▶ Prompt
Leave out the pictures and reproduce all of the data exactly.

▶ Material provided
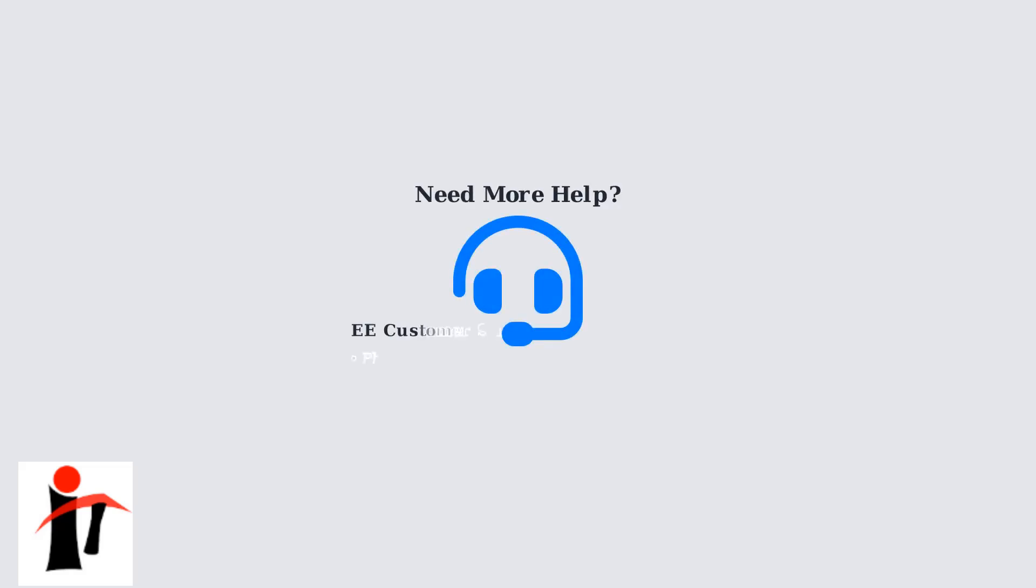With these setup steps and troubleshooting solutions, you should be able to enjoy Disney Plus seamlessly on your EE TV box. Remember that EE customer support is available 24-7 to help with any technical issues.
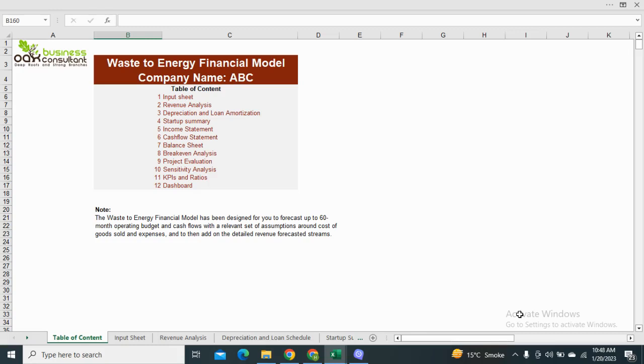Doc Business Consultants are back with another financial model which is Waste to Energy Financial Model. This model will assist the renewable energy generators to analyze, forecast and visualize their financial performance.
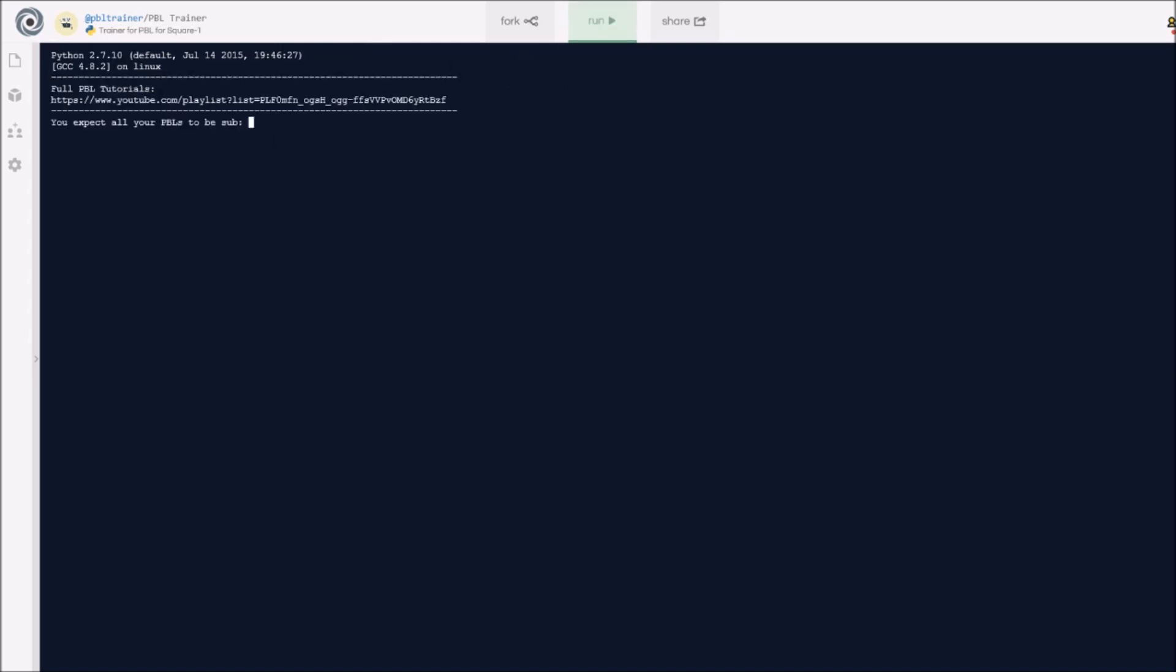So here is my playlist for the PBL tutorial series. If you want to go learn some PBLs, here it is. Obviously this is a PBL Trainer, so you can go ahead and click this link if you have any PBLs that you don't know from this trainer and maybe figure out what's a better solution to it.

▶ Answer to this task
With these setup steps and troubleshooting solutions, you should be able to enjoy Disney Plus seamlessly on your EE TV box. Remember that EE customer support is available 24-7 to help with any technical issues.
Doc Business Consultants are back with another financial model which is Waste to Energy Financial Model. This model will assist the renewable energy generators to analyze, forecast and visualize their financial performance.
So here is my playlist for the PBL tutorial series. If you want to go learn some PBLs, here it is. Obviously this is a PBL Trainer, so you can go ahead and click this link if you have any PBLs that you don't know from this trainer and maybe figure out what's a better solution to it.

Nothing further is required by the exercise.